# Samson is home!!!!



## Stef (Apr 26, 2011)

Our little Samson finally came home last Friday. We brought him home in our XLarge pet carrier. I love how smart he is, so calm and mellow and love hearing him bray when he sees people.









Please excuse my work clothes.











My younger sister and brother with Samson.


----------



## leeapachemoon (Apr 26, 2011)

I love him! He is super cute!


----------



## ErikaS. (Apr 27, 2011)

LOL I just commented on your post on the goat forum! I said "Adorable!



" and that your dad was awesome for buying him. He's such a cutie. I sure would like to get one someday.


----------



## rimmerpaints (Apr 27, 2011)

aww love him! SO CUTE!!!


----------



## Helicopter (Apr 27, 2011)

Oh he's so handsome and he looks so calm and composed and ready to take charge of his very own people.

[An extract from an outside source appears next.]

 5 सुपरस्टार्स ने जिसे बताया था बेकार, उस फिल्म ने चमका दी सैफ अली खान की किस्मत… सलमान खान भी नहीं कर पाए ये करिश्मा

I think a donkeys bray is an amazing sound.



I have 4 and when they all start wheezing and honking at once I just stop what I'm doing, listen and smile.


----------



## lucky seven (Jun 26, 2011)

I just checked out this part of the forum for the first time. If you have neighbors that are close by, do any get upset with the braying? There are horses on my road, I have 2 (mini, full size), the mini mules are so cute I was wondering if they are loud?


----------